With the combined expertise of both companies, Internet Essentials and Xfinity customers can now connect with customer service agents in their native language, ASL. This is a “first for the cable industry,” according to the announcement, and it will reportedly help to further address the digital divide for Americans with disabilities by ensuring that members of the deaf community can get connected to the Internet at home, without barriers.
The announcement was made at a digital inclusion rally at the Pennsylvania School for the Deaf (PSD) to celebrate Comcast’s Internet Essentials program, an Internet adoption program for low-income households. The launch of ASL Comcast customer support is said to be “a continuation of Comcast’s commitment to the disability community.”
According to Pew Research Center, the need to address the digital divide for people with disabilities is clear. The study found that 23% of people with disabilities say they never go online, and 57% say they do not even have a home broadband subscription.
“The Internet is an incredible resource so long as you have the skills and the tools to use it,” said David L. Cohen, Senior Executive Vice President and Chief Diversity Officer at Comcast Corporation. “By partnering with Connect Direct and working with the deaf community, we want to address and break down the barriers to broadband adoption that are unique to this population. That starts by being able to speak with customers in their native language.”
“We are especially happy to partner with Comcast on this initiative, which represents a significant leap forward in broadening the reach of services available in ASL and creating more avenues for fuller participation of deaf people in society,” said Christopher Soukup, Chief Executive Officer of CSD. “Comcast’s commitment to launching an ASL customer service center underlines a shift in attitude by major corporations in recognizing the value of deaf people and the benefit and ease in delivering exceptional customer service through their customers’ language of choice.”
In line with Comcast’s commitment to make products, services, and experiences accessible to the widest possible audience including people with disabilities, Comcast also announced that it created an internetessentials.com/accessibility landing page, with direct links to the new ASL Now chat function, the ability to order collateral materials in Braille and large print, and an accessibility-specific FAQ.

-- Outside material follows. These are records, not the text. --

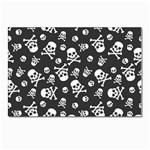 Skull-crossbones-seamless-pattern-holiday-halloween-wallpaper-wrapping-packing-backdrop Postcard 4 x 6  (Pkg of 10) Front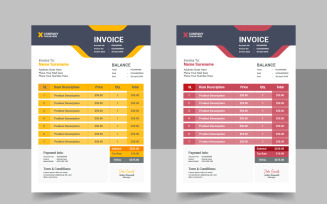 Modern Invoice design template Layout Concept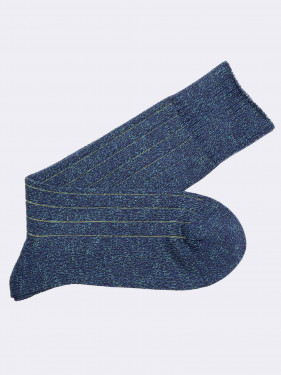 Men's ribbed crew socks with melange yarn in warm cotton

Additionally, the Learning Center on the Internet Essentials website now includes nearly 50 Internet safety and digital literacy videos with closed captions for the deaf. Topics include: online safety and security, basic uses of the Internet, and how to get various things done online. The website is also operable with assistive technologies, such as screen reader software, for the blind or visually impaired. Earlier this year, Comcast announced a partnership with the American Association of People with Disabilities and, working together, the two organizations will continue to add even more digital literacy training content to the Learning Portal that will be specifically designed for people with disabilities.
At PSD, Comcast also surprised 90 students by giving them free tablets and six months of complimentary Internet service at home through the Internet Essentials program. Additionally, in partnership with Dell Technologies, the Company announced it will donate new computer equipment to PSD for students to learn vital digital skills.